A clatter of plates dispelled them. Cleaning over a table, a layer of sweat glazed her olive skin and refracted the bar’s low-light gloom. She arranged plates, stray forks, and wasted food. Rising up, she straightened her back and circled her worked shoulders—her white blouse and high-waisted black skirt creasing between the curves of her ample figure. Her face, now focused, exuded a calm yet graceful exhaustion, a rich and rare radiance... unravaged. Ghost of a ghost of her smile… ravaged. ‘Be honest, would you ever want to see the world through my eyes? No, babe… you look too long, and anyone, anything, can be poisoned.’
—I had a son once. Maybe two.
—Had?
—Their faces are gone. I stare at pictures and remember differently. Carried by the dancing light. Much worse than darkness. Light. Harsh, transparent. I prefer dark. Dims the details.
—Let’s not waste time.
—Waste?
—Maybe something platonic.
—Does life conform to your restrictions?
—Boundaries, standards—not restrictions. And they do make my life much easier, yes.
—Have you lived the lives you haven’t lived?
—Sometimes… more than life.
The first drops fell flat—scattered with no pattern across the glass. She gazed as they multiplied, watching droplets streak like shooting stars, absorbing others on the way down. They flowed so naturally, like rivers, and she switched focus: drops—with a blurred background, the grey view—through spots of drops. The car picked pace as they hung on to futile traction, pushed back and split by the wind. She stared, at hazing condensation, seeing names she wrote when child.
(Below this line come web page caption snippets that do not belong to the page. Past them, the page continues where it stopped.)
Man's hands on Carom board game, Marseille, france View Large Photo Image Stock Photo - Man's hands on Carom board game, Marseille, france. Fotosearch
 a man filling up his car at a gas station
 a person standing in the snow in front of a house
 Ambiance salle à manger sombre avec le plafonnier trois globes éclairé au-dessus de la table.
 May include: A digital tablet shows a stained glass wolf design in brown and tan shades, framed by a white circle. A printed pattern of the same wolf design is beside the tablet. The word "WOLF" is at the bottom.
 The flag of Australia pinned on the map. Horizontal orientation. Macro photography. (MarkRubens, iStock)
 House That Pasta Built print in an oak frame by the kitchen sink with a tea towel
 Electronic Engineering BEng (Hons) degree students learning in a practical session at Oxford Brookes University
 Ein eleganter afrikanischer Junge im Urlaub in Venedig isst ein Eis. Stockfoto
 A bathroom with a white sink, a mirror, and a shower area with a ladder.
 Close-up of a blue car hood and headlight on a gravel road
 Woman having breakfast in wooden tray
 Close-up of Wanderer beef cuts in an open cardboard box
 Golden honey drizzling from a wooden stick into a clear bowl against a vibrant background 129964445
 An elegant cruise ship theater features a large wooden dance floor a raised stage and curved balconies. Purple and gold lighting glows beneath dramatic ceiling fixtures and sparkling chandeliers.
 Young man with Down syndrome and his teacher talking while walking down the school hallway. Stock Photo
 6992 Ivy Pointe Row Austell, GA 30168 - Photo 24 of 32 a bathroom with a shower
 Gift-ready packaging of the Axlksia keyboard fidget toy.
Some nights I read or play online chess. The games are fast (blitz—five minutes) and I slowly feel my sharpness begin to dull. Flagrant, elementary miscalculations. I lose symmetrical perception—the squares slide and slice against one another, killing my sense of direction (white or black, I do not know which way is forward). I see blaring (and usually false) ghosts of demise eight moves away, or futile combinations and endgames. Each move, or branch, leads to eight others, and them to eight more. I am in a room with a thousand screens. My mind is the room but I do not control it. I am a weary spectator, drifting from game to game.
—Do you pray?
—Sometimes… in distress.
—King of the non-believers.
—I know love.
—Practical, pragmatic love. Not worship. Transcendence.
—Service.
—To serve yourself. Everything churned to fit your distortions.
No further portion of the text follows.